Problem details = Given the records underneath, please repeat exactly the lines from the line with "image for item" through the line with "Completate con il", passing over any picture.

Material for the task =
************

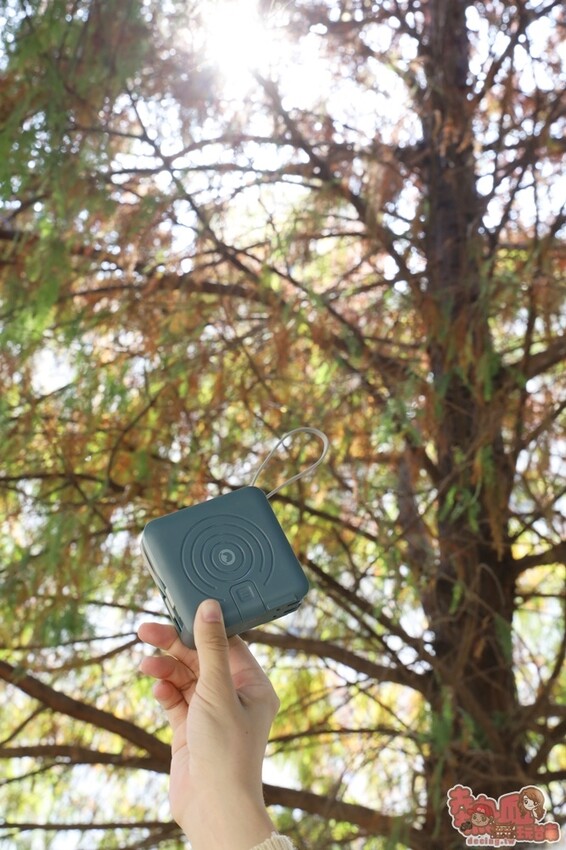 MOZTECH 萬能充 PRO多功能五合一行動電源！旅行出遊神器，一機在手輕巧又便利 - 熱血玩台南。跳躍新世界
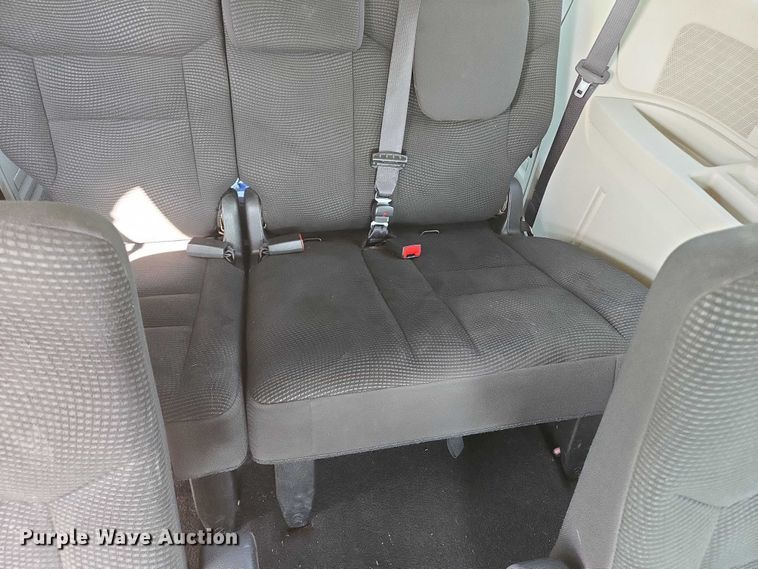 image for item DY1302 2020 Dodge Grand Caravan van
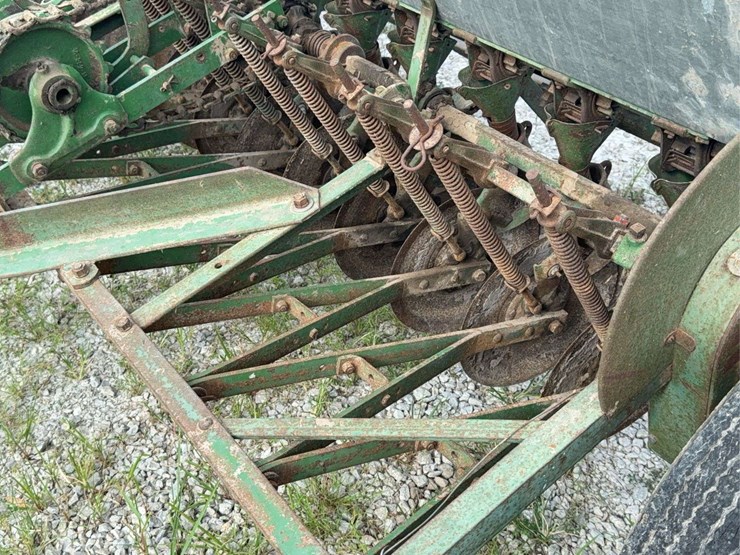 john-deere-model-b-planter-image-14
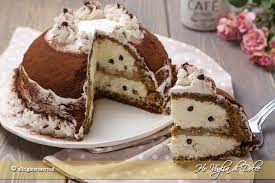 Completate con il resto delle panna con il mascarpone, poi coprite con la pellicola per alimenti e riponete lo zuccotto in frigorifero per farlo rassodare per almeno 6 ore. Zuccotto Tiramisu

************

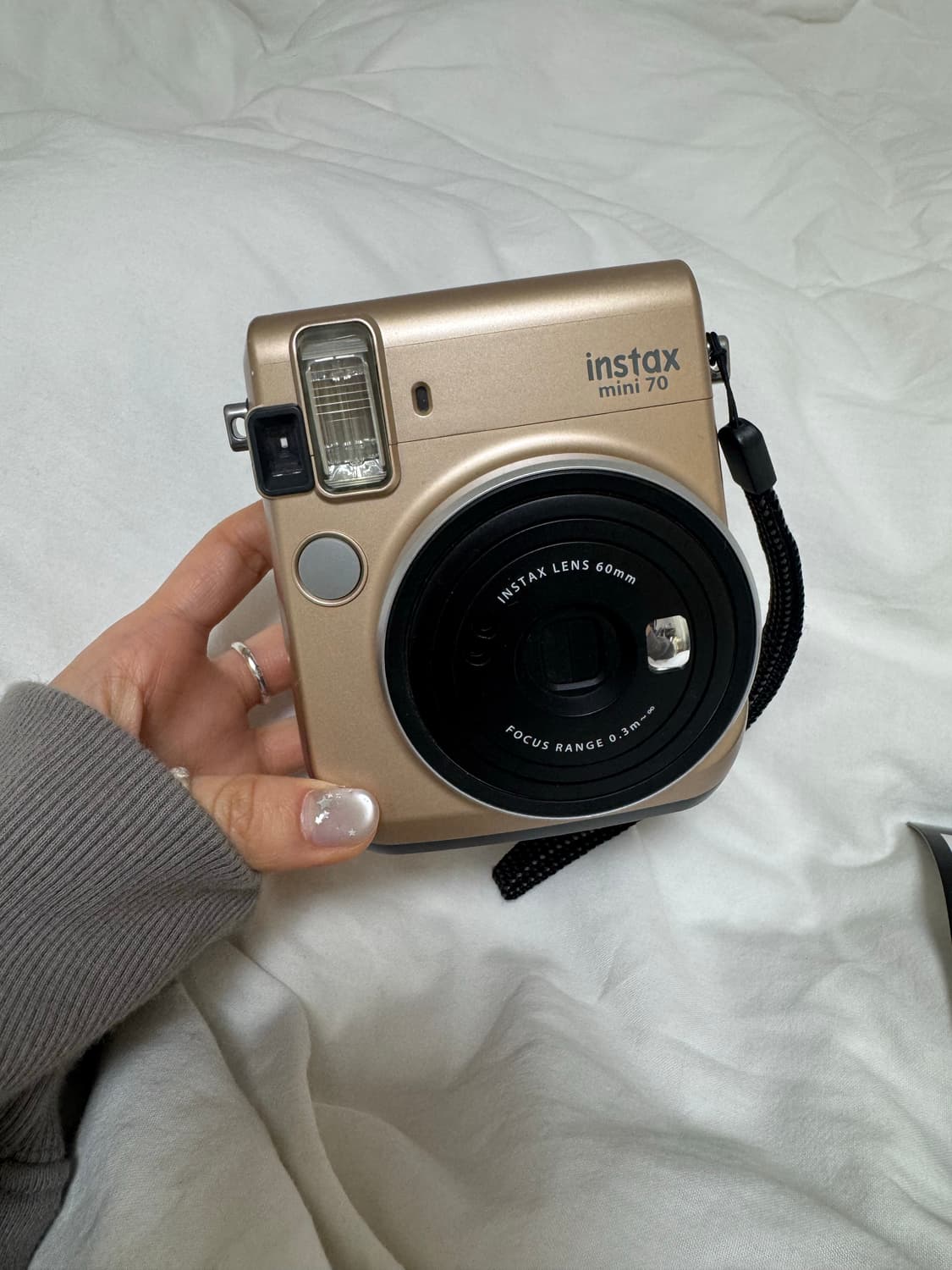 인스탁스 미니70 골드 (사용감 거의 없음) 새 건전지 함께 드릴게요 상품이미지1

************

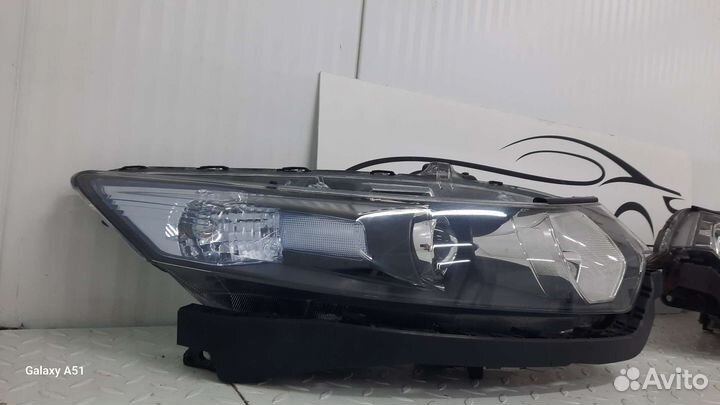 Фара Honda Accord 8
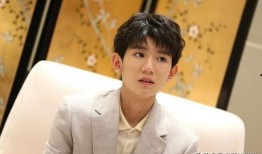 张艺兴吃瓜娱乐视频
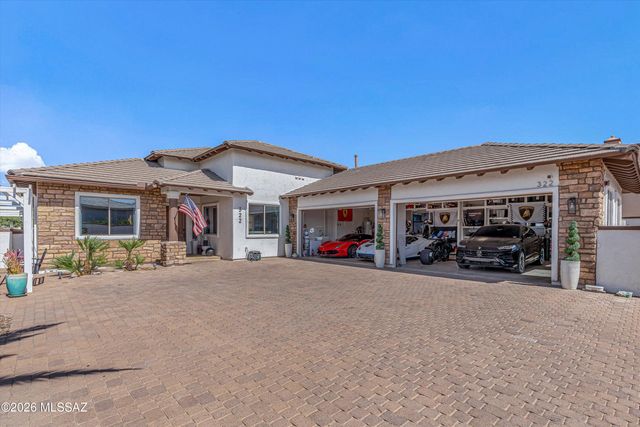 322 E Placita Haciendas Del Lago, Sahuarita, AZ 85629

************

Response =
 image for item DY1302 2020 Dodge Grand Caravan van
 john-deere-model-b-planter-image-14
 Completate con il resto delle panna con il mascarpone, poi coprite con la pellicola per alimenti e riponete lo zuccotto in frigorifero per farlo rassodare per almeno 6 ore. Zuccotto Tiramisu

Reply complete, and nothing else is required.